Pull your documentation site content from your own GitHub wiki
The open source WESL (#WebGPU Shading Language) project recently launched a new WESL documentation site. While helping the group create their site, I realized they could pull their markdown content directly from the places they already keep it.

A key question for any documentation project: how and where should the manually-authored content be stored?
The WESL project maintains two collections of markdown content aimed at different audiences:
- The WESL wiki has how-to guidance for devs that want to use WESL in WebGPU projects.
- The WESL spec is a collection of more formal documents for implementers.
These collections work well just as they already are, so I thought it’d be good to let the documentation site pull content from these sources using git submodules. The spec is a regular git repository, and behind the scenes a GitHub wiki is a git repository too. Submodules introduce complexities and are not for everyone, but here they let the site project access both repos locally as subfolders.

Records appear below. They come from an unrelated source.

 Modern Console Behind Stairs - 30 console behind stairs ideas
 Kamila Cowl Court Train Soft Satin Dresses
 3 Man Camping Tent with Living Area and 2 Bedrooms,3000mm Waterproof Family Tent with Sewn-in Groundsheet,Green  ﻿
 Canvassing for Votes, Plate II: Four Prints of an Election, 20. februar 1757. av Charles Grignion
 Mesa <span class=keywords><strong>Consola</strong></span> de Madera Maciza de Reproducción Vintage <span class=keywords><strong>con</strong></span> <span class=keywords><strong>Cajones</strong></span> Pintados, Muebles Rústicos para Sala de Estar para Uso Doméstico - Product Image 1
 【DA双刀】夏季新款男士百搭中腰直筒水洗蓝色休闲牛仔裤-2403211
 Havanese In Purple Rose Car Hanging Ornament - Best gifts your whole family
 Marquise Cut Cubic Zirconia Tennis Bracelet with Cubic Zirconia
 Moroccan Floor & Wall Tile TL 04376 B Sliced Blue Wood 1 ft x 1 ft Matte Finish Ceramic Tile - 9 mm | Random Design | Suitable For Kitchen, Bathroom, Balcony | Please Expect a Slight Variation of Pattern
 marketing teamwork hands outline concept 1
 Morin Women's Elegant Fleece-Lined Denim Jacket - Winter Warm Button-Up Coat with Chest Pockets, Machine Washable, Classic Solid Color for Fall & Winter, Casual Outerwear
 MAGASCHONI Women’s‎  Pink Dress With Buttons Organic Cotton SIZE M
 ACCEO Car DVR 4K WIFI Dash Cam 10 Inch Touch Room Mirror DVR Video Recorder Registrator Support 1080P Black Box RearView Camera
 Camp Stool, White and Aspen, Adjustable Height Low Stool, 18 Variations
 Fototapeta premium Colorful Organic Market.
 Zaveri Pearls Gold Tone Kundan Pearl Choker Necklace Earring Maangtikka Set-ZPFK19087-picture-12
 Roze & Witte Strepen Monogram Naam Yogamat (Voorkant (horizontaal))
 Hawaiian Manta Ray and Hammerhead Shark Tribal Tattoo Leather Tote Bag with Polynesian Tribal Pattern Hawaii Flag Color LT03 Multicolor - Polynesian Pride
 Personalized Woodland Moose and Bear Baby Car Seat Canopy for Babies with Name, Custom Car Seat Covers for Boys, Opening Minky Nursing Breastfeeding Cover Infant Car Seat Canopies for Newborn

It was easy to write a program in Origami that pulls content from these subfolders, transforms the markdown to HTML, and pours the HTML into a page template.
- The Origami site definition added navigation links, including a pop-up navigation menu for small window sizes.
- The wiki and spec both link to each other. A small JavaScript function fixes up those links; the Origami program can easily call that for each document.
- I was happy to discover that using a standard HTML
<details>
element with absolute positioning could do the heavy lifting for a reasonable pop-up menu with very little client-side JavaScript. - Adding full-text search to the complete document collection was just a one-liner via the Origami pagefind extension.
Using git submodules means that wiki or spec updates don’t automatically appear on the documentation site; someone has to go into the site project and pull the latest wiki and spec changes. Having a manual step like that might count as an advantage or a disadvantage depending on your situation.
I was really happy with how small the source for this project ended up being. Setting aside the HTML templates, only ~200 lines of Origami and vanilla JavaScript are required to define the entire site and the client-side behavior.
13 src/docPage.ori
75 src/adjustMdLinks.js
13 src/specPage.ori
32 src/site.ori
75 src/assets/main.js
208 total
This is tiny. Origami is a general-purpose system for building sites; it’s not specifically a documentation site generator. This small amount of code defines a bespoke documentation system from scratch.
Using a wiki for documentation this way is really interesting! Project contributors can freely edit wiki pages using familiar tools, then have all that content turned into a static documentation site that project users can freely browse.